# Economic Order Quantity (EOQ)

Economic order quantity (EOQ) is the order quantity of inventory that minimizes the total cost of inventory management.

Two most important categories of inventory costs are ordering costs and carrying costs. Ordering costs are costs that are incurred on obtaining additional inventories. They include costs incurred on communicating the order, transportation cost, etc. Carrying costs represent the costs incurred on holding inventory in hand. They include the opportunity cost of money held up in inventories, storage costs, spoilage costs, etc.

Ordering costs and carrying costs are quite opposite to each other. If we need to minimize carrying costs we have to place small order which increases the ordering costs. If we want minimize our ordering costs we have to place few orders in a year and this requires placing large orders which in turn increases the total carrying costs for the period.

We need to minimize the total inventory costs and EOQ model helps us just do that.

 Total inventory costs = Ordering costs + Holding costs

By taking the first derivative of the function we find the following equation for minimum cost

 EOQ = SQRT(2 × Quantity × Cost Per Order / Carrying Cost Per Order)

## Example

ABC Ltd. is engaged in sale of footballs. Its cost per order is $400 and its carrying cost unit is$10 per unit per annum. The company has a demand for 20,000 units per year.
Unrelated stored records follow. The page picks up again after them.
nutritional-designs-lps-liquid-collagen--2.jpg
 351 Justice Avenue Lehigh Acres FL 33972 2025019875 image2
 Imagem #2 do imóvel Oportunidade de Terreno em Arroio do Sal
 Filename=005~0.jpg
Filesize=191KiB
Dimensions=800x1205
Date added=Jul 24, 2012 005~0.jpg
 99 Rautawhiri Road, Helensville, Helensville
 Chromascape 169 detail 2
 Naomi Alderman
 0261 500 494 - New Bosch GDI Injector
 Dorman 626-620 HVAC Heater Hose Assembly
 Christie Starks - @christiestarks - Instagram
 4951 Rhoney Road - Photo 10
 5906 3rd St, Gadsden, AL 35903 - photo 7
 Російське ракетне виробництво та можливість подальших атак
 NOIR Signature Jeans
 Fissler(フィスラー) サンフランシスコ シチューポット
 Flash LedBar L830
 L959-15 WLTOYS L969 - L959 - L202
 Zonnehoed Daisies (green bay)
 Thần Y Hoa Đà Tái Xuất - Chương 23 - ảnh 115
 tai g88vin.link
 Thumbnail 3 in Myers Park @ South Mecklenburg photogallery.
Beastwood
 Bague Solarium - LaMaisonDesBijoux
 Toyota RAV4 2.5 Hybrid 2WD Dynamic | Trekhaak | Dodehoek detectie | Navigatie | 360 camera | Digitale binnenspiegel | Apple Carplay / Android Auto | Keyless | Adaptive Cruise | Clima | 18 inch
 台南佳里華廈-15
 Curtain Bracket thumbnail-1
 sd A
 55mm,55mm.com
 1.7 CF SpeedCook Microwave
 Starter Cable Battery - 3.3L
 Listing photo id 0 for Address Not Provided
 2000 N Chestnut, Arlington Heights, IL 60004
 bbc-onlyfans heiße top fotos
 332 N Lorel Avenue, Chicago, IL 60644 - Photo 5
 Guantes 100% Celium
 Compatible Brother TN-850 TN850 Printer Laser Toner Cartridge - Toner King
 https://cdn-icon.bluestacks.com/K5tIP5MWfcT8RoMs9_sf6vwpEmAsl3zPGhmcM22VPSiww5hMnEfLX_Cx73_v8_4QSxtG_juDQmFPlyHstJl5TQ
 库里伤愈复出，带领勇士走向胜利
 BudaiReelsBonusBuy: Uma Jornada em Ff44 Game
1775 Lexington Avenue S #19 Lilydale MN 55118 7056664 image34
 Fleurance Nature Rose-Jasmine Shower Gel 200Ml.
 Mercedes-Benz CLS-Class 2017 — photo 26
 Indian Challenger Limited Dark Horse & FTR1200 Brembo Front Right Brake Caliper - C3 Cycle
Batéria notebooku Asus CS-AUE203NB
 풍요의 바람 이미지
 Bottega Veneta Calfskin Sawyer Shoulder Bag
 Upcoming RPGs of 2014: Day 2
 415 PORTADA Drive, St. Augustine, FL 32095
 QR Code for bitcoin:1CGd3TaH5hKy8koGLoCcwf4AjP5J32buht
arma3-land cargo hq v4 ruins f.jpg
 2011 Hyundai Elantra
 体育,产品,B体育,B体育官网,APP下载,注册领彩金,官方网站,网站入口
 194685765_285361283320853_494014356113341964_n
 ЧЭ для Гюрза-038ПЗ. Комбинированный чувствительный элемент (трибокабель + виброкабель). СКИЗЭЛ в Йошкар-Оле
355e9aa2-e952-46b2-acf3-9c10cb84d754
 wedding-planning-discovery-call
Calculate the order size, total orders required during a year, total carrying cost and total ordering cost for the year.

Solution

EOQ = SQRT(2 × 20,000 × 400/10) = 1,265 units

Annual demand is 20,000 units so the company will have to place 16 orders (= annual demand of 20,000 divided by order size of 1,265). Total ordering cost is hence $64,000 ($400 multiplied by 16).

Average inventory held is 632.5 ((0+1,265)/2) which means total carrying costs of $6,325 (i.e. 632.5 ×$10).